Friday, August 1, 2014

The difference between L1 and L2 regularization


The difference between \(L_1\) and \(L_2\) regularization is well studied in ML (and you can find lots of reference on the internet). However, the most common explanation is perhaps via this figure.
While it's true (and seemingly intuitive at first), this figure may not be as easy to digest. The figure corresponds to an equivalent constrained optimization problem, but why we need to deal with constrained optimization problem is not clear [1]. In fact, someone asked this question on Quora: What's a good way to provide intuition as to why the lasso (L1 regularization) results in sparse weight vectors?, which motivated me to provide a simpler explanation [2].

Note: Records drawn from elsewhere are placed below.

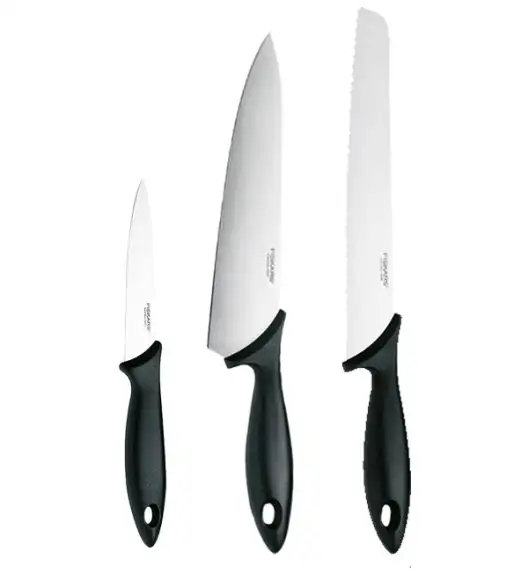 FISKARS ESSENTIAL Komplet 8 noży (kuchenne +Szefa +do warzyw) w pudełku / stal nierdzewna HRC 53 + Skrobaczka ESSENTIAL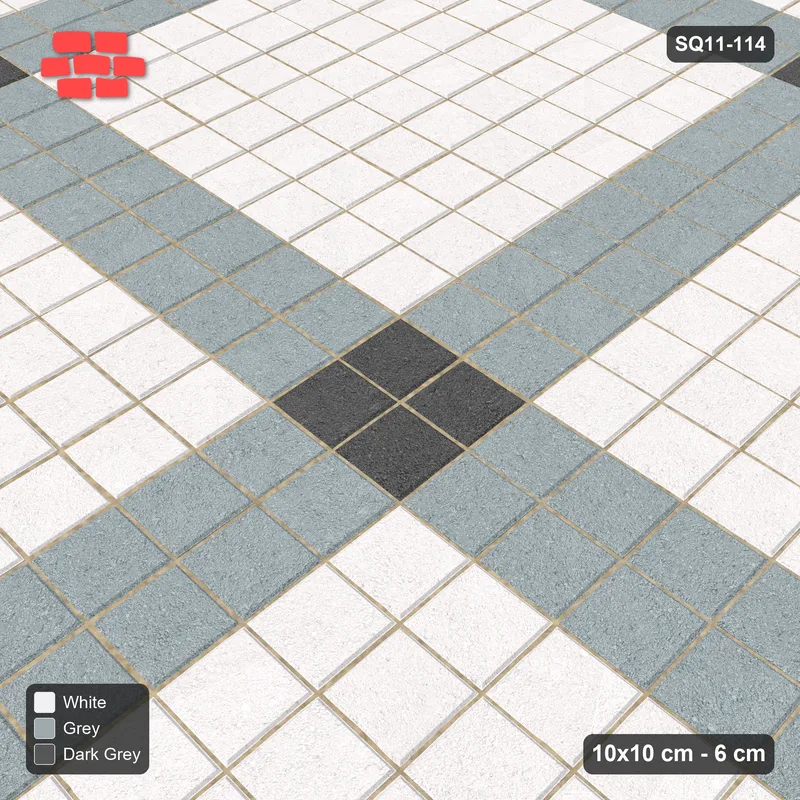 Interlock (Pasco) 10x10 cm · SQ11-114 · Plaza Grid with Corner Accents Every 5 · Side view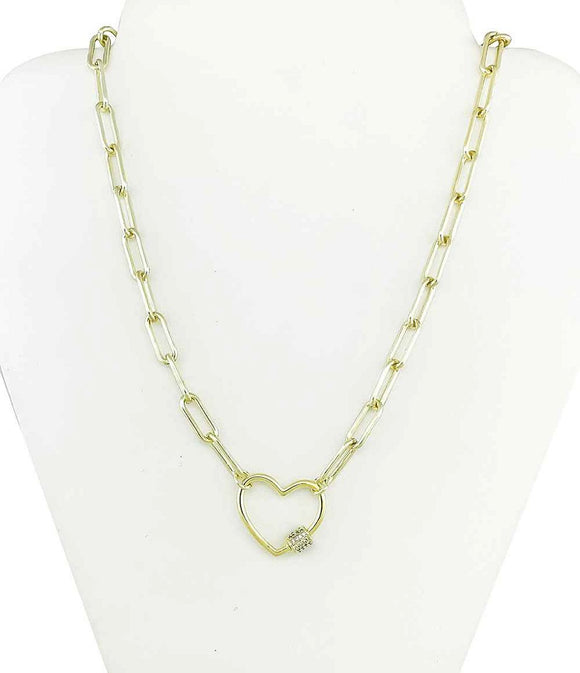 GOLD NECKLACE HEART CHARM ( 8636 G )
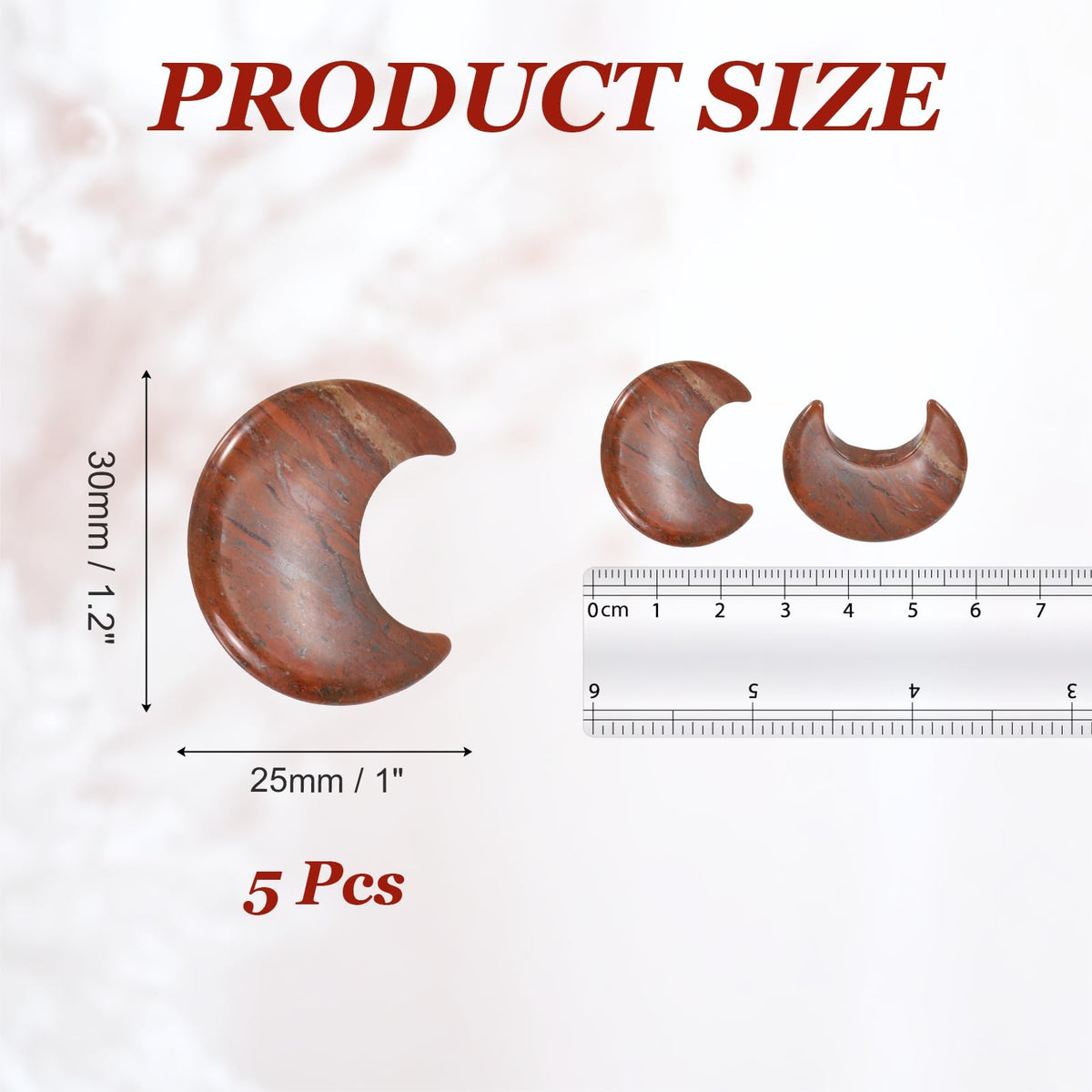 MECCANIXITY 5 Pcs Moon Crystal Worry Stone, 1.2 Inch Length Natural Red Jasper Moon Gemstone Bulk, Carved Pocket Stones for Meditation Balancing Pendant Decor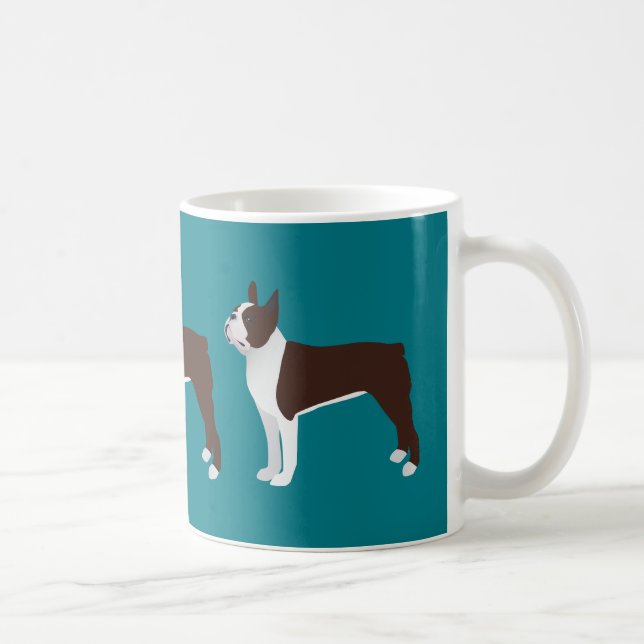 Boston Terrier Basic Customizing mit Text und Farb Kaffeetasse (Rechts)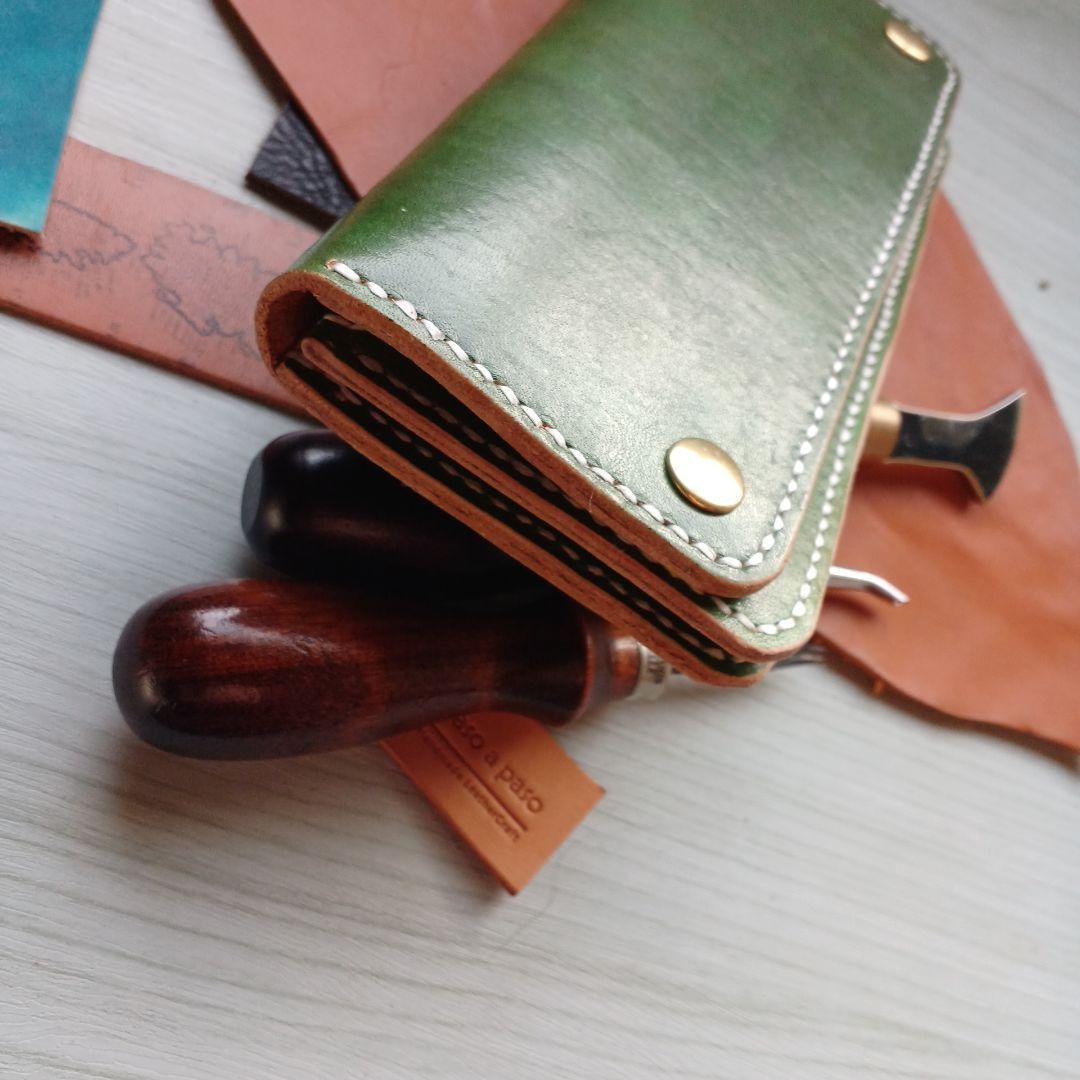 トラッカーウォレット　ロング　ハンドメイド グラデーション　オリーブ～グリーン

For those who don't already know. The main difference between \(L_1\) and \(L_2\) regularization is that \(L_1\) can yield sparse models while \(L_2\) doesn't. Sparse model is a great property to have when dealing with high-dimensional data, for at least 2 reasons.
  • Model compression: increasingly important due to the mobile growth
  • Feature selection: it helps to know which features are important and which features are not or redundant.
But why does \(L_1\) yield sparse models?

For simplicity, let's just consider the 1-dimensional case.

\(L_2\)-regularized loss function \(F(x)=f(x)+\lambda\|x\|_2^2\) is smooth. This means that the optimum is the stationary point (0-derivative point). The stationary point of \(F\) can get very small when you increase \(\lambda\), but still won't be 0 unless \(f'(0)=0\).

\(L_1\)-regularized loss function \(F(x)=f(x)+\lambda\|x\|_1\) is non-smooth. It's not differentiable at 0. Optimization theory says that the optimum of a function is either the point with 0-derivative or one of the irregularities (corners, kinks, etc.). So, it's possible that the optimal point of \(F\) is 0 even if 0 isn't the stationary point of f. In fact, it would be 0 if \(\lambda\) is large enough (stronger regularization effect). Below is a graphical illustration.

In multi-dimensional settings: if a feature is not important, the loss contributed by it is small and hence the (non-differentiable) regularization effect would turn it off.

Notes
[1] The regularized optimization problem can be represented as a constrained optimization problem where the norm is constrained by a new constant C. The black solid regions are the feasibility regions. Why/How are the two problems are equivalent is actually non-trivial. Here's a proof if you're curious: Why are additional constraint and penalty term equivalent in ridge regression?
[2] Like many others, this post comes from my own answer on Quora: What is the difference between L1 and L2 regularization?